The interior of the General Post Office was similarly well-finished, with jarrah features throughout. An estimated 600,000 jarrah blocks were used in the herringbone-pattern flooring. The ground floor is fronted by a large colonnade along its entire width. The main postal hall was two storeys high, with balconies from the first floor above. The postal hall also featured a frosted glass roof, above which a lightwell reached to the top of the building.

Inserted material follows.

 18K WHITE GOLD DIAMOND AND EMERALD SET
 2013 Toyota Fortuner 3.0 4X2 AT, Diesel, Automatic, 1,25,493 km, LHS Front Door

The basement of the General Post Office accommodated vaults and was also used for the handling of bulk parcels. The first floor served as the Mail Room, while the second floor housed executive offices. The third floor housed the State Engineer in addition to the managers and operators of the telephone and telegraph systems. The telegraph operating room was connected to the ground floor by pneumatic tubes. The fourth and fifth floors of the building were originally home to the Taxation Department, and the sixth floor was home to miscellaneous other Federal departments, as well as providing accommodation for Federal Members of Parliament. On the seventh floor was a staff dining room and rest areas.

The General Post Office is founded on 1,525 piles in groups of 25, each pile 30 ft long and 14 in in diameter. The building featured four passenger lifts and two goods lifts. The building is constructed by a concrete-encased steel frame, faced with stone and brick. The brick walls did not receive a particularly favourable reception upon the building's opening:

As for the brick sides and rear of the G.P.O., they might be mistaken for the walls of a factory by anyone who had not seen the front and read, above the Ionic columns, the words "Commonwealth of Australia."